Russian forces withdrew to within South Ossetia and another rebel region, Abkhazia, earlier this month under the terms of the ceasefire.
But Moscow plans to keep up to 7,600 troops in the two rebel regions, which it recognized as independent states after the conflict.
South Ossetians accuse Georgia of shooting
South Ossetia separatists claim they were fired on
The Spanish statement came as Russia-backed separatists in South Ossetia accused Georgian forces of firing on their soldiers in the first such reported incident since the brief war.
A spokesman for Georgia's interior ministry confirmed shooting in the area near the Georgian village of Nikozi but said it was coming from drunken Russian soldiers at a border post and that they were firing into the air.
The spokesman also said that a Russian spy plane had been spotted flying briefly into Georgian airspace near the same village on Saturday in what was "obviously" a violation of an EU-brokered ceasefire agreement.
"The Georgian side has fired on security force posts of the Republic of South Ossetia," the separatist government said on its official website, quoting the de facto interior minister of the province, Mikhail Mindzayev.
No casualties were reported from the shooting, the statement said.
"South Ossetian security force posts near the Georgian village of Nikozi came under fire from machine guns and other firearms this morning. It happened as South Ossetian positions in the border zones were being set up," he said.
South Ossetia separatist leaders have since ordered their soldiers to return fire if shot at by Georgian forces. "From today all posts have been given an order to return fire if their posts come under fire," the separatist government said on its official website, quoting Mindzayev.
The province's leader, Eduard Kokoity, meanwhile accused European Union monitors in the region of being biased, failing to uphold an EU-brokered ceasefire and making the situation worse, Russian news agencies reported.
Georgia's interior ministry gave a very different account of the incident.
"Drunk Russian soldiers were firing into the air" at a security post near Nikozi, which is located on the Georgian side along the de facto border with South Ossetia, said Shota Utiashvili, a spokesman for the ministry.

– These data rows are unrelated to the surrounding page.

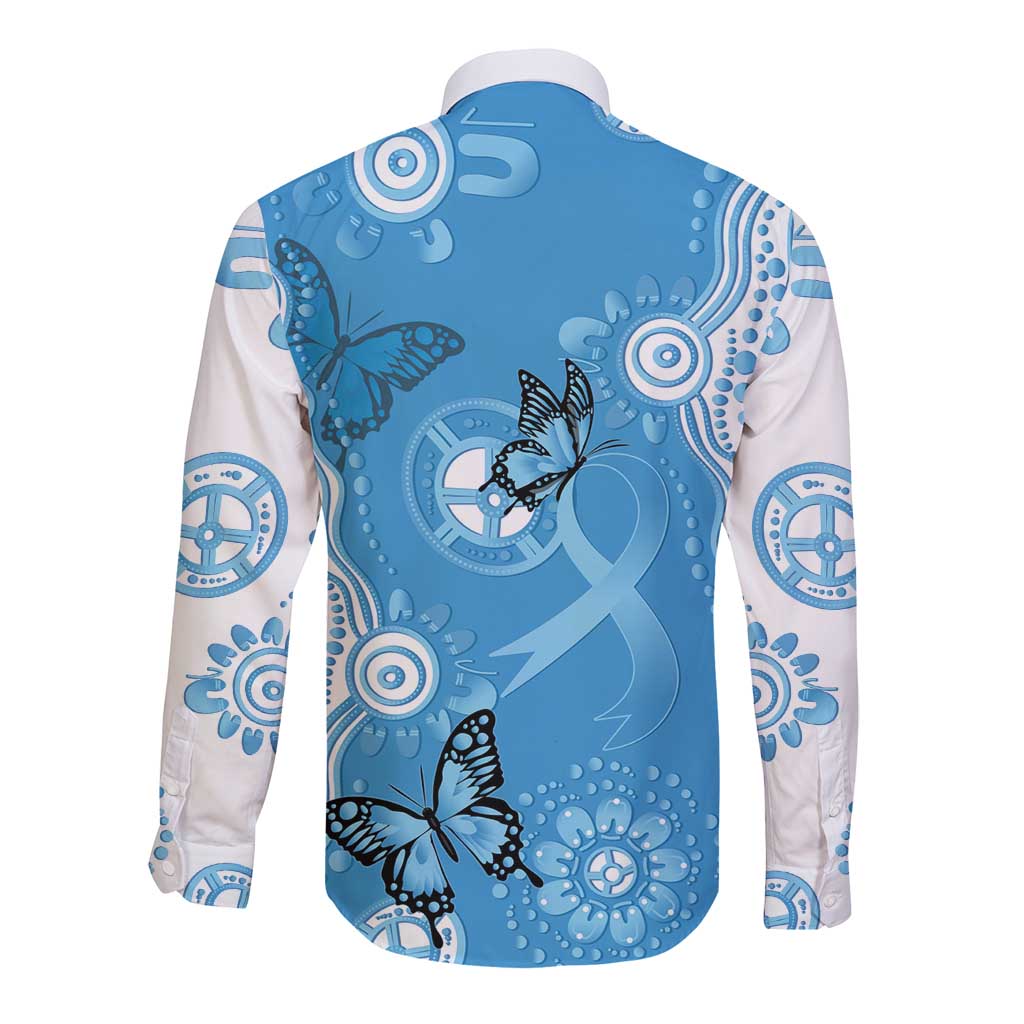 World Diabetes Day Australia Long Sleeve Button Shirt Blue Ribbon Butterfly Aboriginal Art - Aussie Hoodie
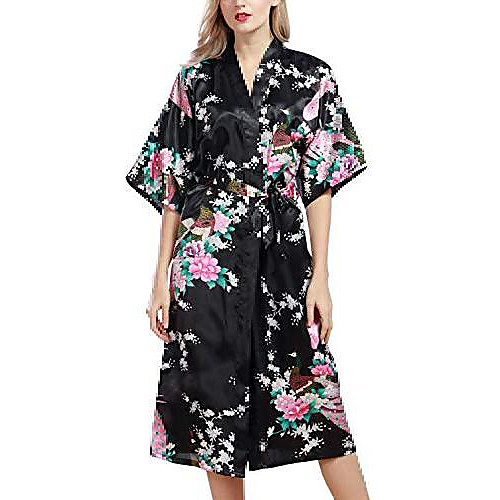 

ladies dressing gown kimono, smooth satin sleepwear bathrobe robe with peacock and flower kimono negligee silk robe loose pajamas, long style (xxx-large, black)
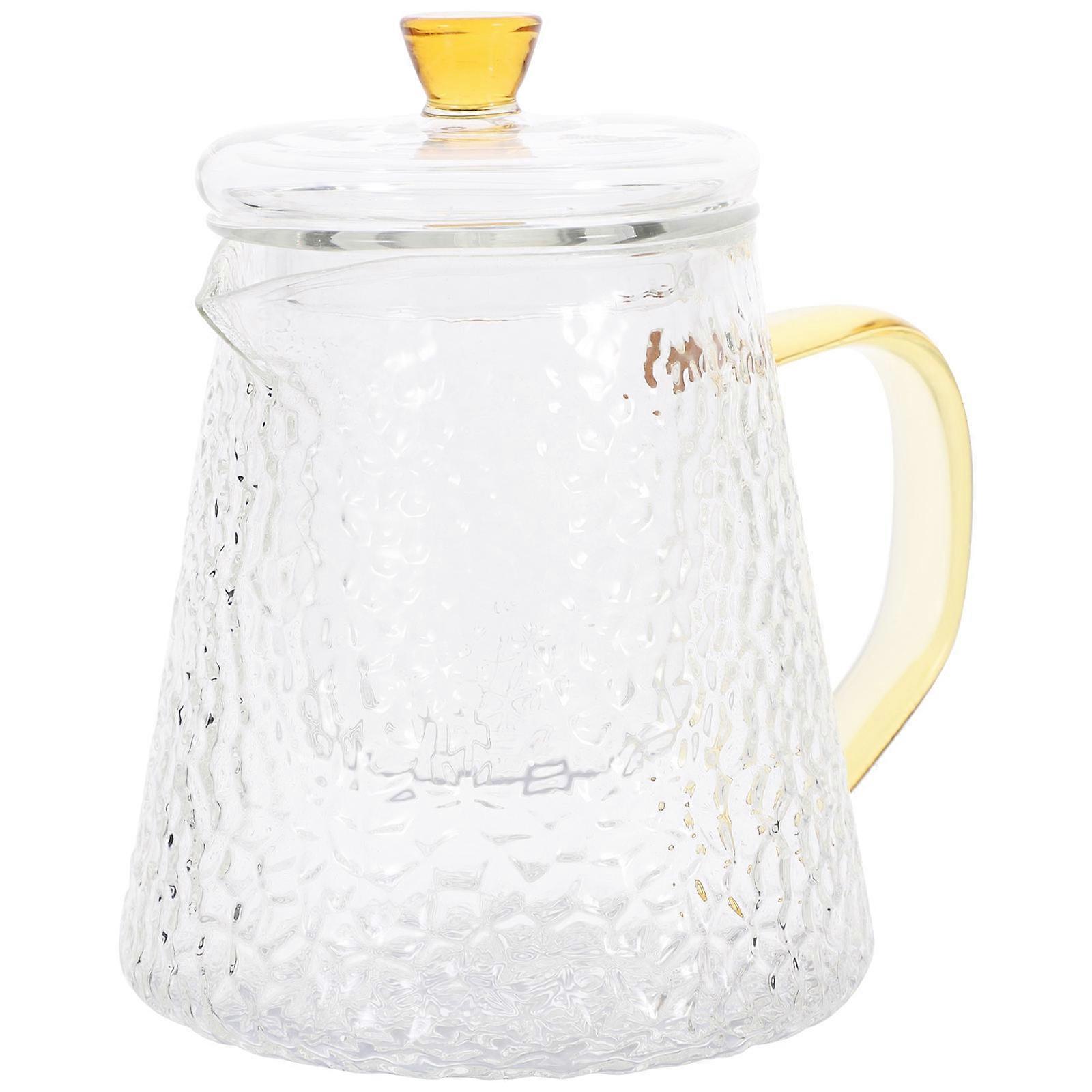 Portable Glass Teapot for Everyday Use with Built-in Handle in Transparent Color 1Pack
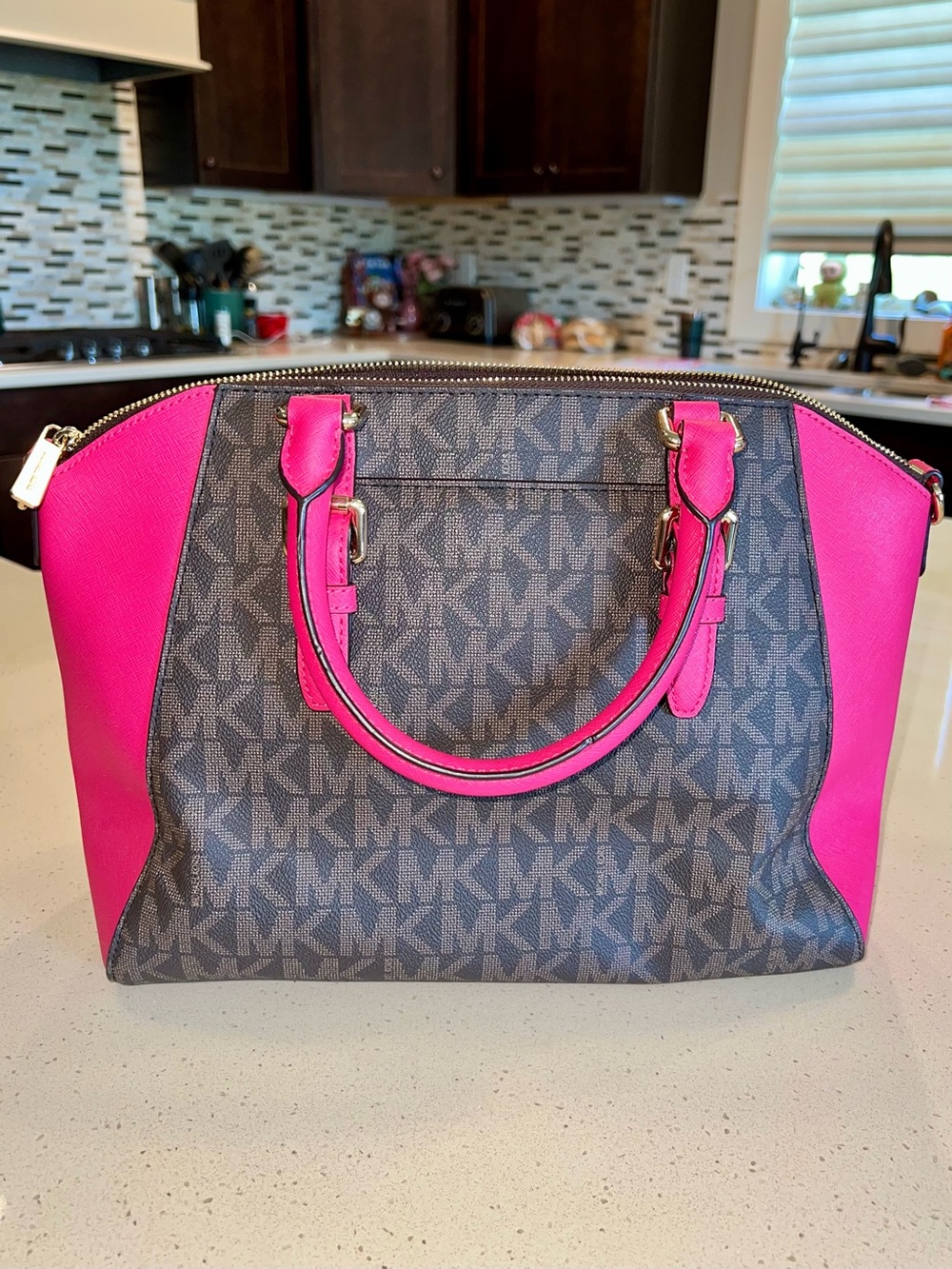 Michael Kors Pink and Brown Signature Satchel W/ Long Strap NEW WITH TAGS - Picture 10 of 15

Utiashvili also said: "A Russian drone flew over Nikozi this morning and then returned to Tskhinvali," the capital of South Ossetia. He said the spy plane was in Georgian airspace for up to 20 minutes.
Cross-border incidents on the rise despite ceasefire
South Ossetians have been accused of firing at Georgians
This is the first time South Ossetian authorities have reported shooting from Georgian positions since a conflict in August between Russian forces and South Ossetian militias on one side and Georgian forces on the other.
Georgia has reported several shootings from the South Ossetian side.
Following the conflict with Georgia, Russia recognized South Ossetia and Abkhazia, another breakaway province of Georgia, as independent states in a move that was roundly condemned by Western powers and Georgia.
Tensions remain high despite a ceasefire in place in the region as Georgian authorities have said Russia must pull all its forces out of South Ossetia and Abkhazia in order to comply with the ceasefire agreement.
Abkhazia and South Ossetia broke away from the rest of Georgia with Russian backing in the early 1990s in conflict that killed thousands of people and forced hundreds of thousands of Georgians to flee their homes.